The Buoys were one of a group of one-hit wonders from the early 1970s. Billy Kelly (lead vocals), Fran Bozena (keyboards), Gerry Hludzik (bass), Chris Hanlon (guitar), and Carl Siracuse (drums), from Wilkes-Barre, PA., generated a Top 20 hit with "Timothy," written by Rupert Holmes, who also played some of the keyboards on their album for the Scepter label. (Holmes later had his own chart success as a singer with "Escape (The Pina Colada Song)" and "Him," before embarking on a career on Broadway with The Mystery of Edwin Drood in the late 1980s.) The Buoys vanished from the charts and the airwaves after two additional, far more modest chart entries, "Bloodknot" and "Give Up Your Guns," but later moved to Polydor before dissolving in the mid-1970s.

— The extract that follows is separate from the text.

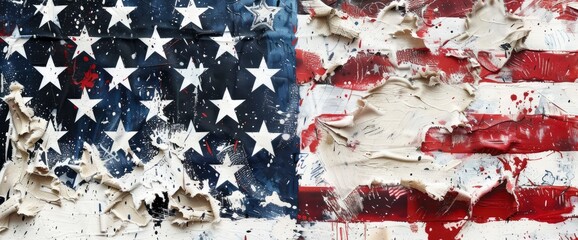 DIY American flag t-shirts using fabric paint and stencils , professional photography and light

Kelly and Hludzik subsequently returned a decade after "Timothy" as part of the group Dakota.

One-hit wonder band the Buoys debuted with this 1971 platter, the back cover of which features a photo of the group dining at a fancy restaurant with the ironic caption "Dinner Music." The centerpiece of the LP is, of course, "Timothy," the tasteless Top 40 hit that earned the Buoys temporary stardom and launched the career of songsmith Rupert Holmes. It's a classic death pop number, the sprightly tale of three miners trapped by a cave-in who turn to cannibalism for survival during their ordeal. Despite the gruesome theme, "Timothy" has a hooky chorus and a production rich with brass and strings, so it's likely that many of the song's fans never listened much deeper than the melodious tune. The rest of the album's material is relatively faceless, though the second single, "Give Up Your Guns," is a good country-rock number and strives for an "outlaw on the run" vibe that almost convinces. Nothing else on the album matches "Timothy" in either content or euphony, dispensing with the gallows humor and catchy refrains in favor of a rustic rock sound laced with a few contemporary psychedelic elements. Holmes penned half of the album's tracks, including "Guns" and the "Timothy" sound-alike "Bloodknot," but the Buoys' own songwriting suggests a band aspiring to Crosby, Stills & Nash heights, most successfully on "Tell Me Heaven Is Here." The Buoys failed to secure a spot among serious rock's elite, but their peculiar chart entry puts them in good company with such lurid Top 40 favorites as Bloodrock's plane-crash dirge "D.O.A." and Jody Reynolds' rockabilly suicide note "Endless Sleep."